Attempts have been made at Stage Two – Symbolisation, with the bid to make disabled people wear badges on the London Underground. On the face of it, this was to allow them access to facilities for the disabled, but advocates for disabled people warned that it would make them targets for people who had been indoctrinated with the hatred symbolised by Stage One and Stage Four.
Stage Three – Discrimination is exactly why the United Nations criticised the UK government several years ago. The government was found guilty of “grave or systematic violations of the rights of persons with disabilities”.
Stage Five – Organisation is covered by the Department for Work and Pensions.

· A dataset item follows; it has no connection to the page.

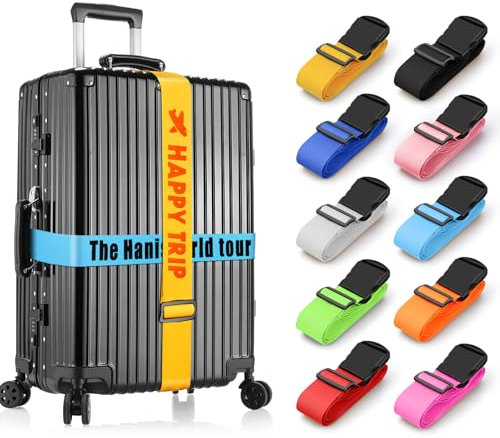 Personalisierte Koffergurt mit Namen, 2 Stück Kofferband Gurt Set, Bunt Auffällig Koffergürtel, Gepäckband Identifikation für Große und Kleine Koffer, Verstellbare Kofferbänder mit Kunststoffschnallen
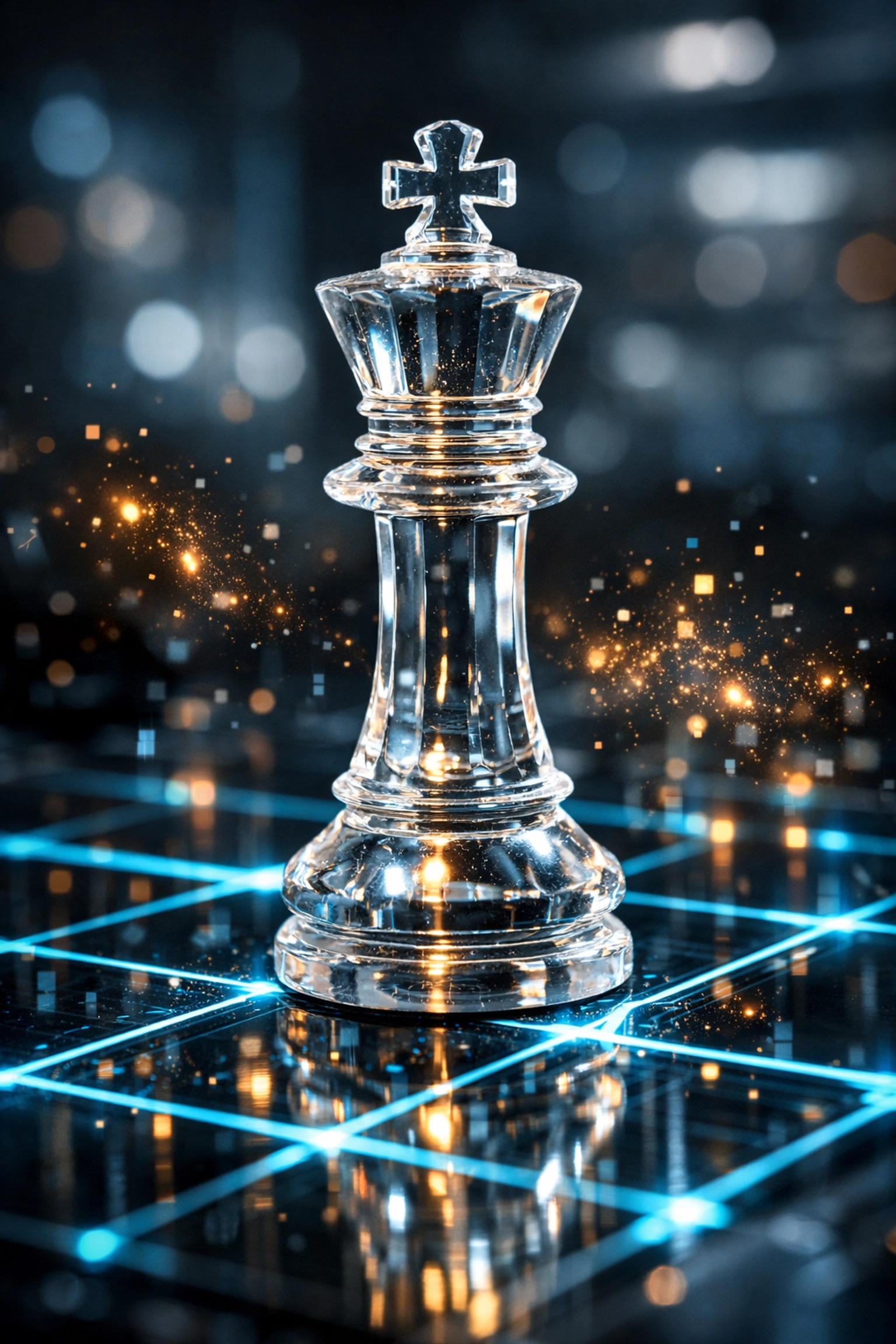 Crystal chess king on a digital board symbolizing strategic business financing and financial intelligence.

You see, violence doesn’t have to be carried out with guns these days – it can be done with a keystroke when a benefit claimant is deprived of their allowance. The assessment system for ESA and PIP assumes either that illness and/or disability is all in the mind, or that the claimant is trying to avoid working for a living, and current information has it that the government wants to clear 80 per cent of claimants from the benefit books.
Deprived of their means of survival, sick/disabled people are left to their own devices. They can’t claim Jobseekers’ Allowance – as directed by the DWP – because they would be sanctioned very quickly when their illness made it impossible for them to meet one or more of the conditions required of someone searching for a job. So they starve to death like David Clapson, or commit suicide, like Michael O’Sullivan, and the government can deny any responsibility, in accordance with Stage Ten – Denial.
We have already seen the Conservatives deny any wrong-doing to the United Nations; we know they do not collect information about the well-being of former sickness and disability benefit claimants who have been cut off by their cruel assessment system.
That’s how the Tory genocide of the sick and disabled works. If you denied it before reading this article, please reconsider your position.
The phrase most commonly associated with the Holocaust inflicted by the Nazis is “Never again”.
The fact is, since 1945, such events have happened again and again.
It is outrageous that I should be vilified for pointing it out.
Postscript: Believe it or not, I received the following after publishing this article:
“People die – it’s the way of the world” has to be one of the most sickening attempts to justify the Tory persecution of sick and disabled people that I have yet seen.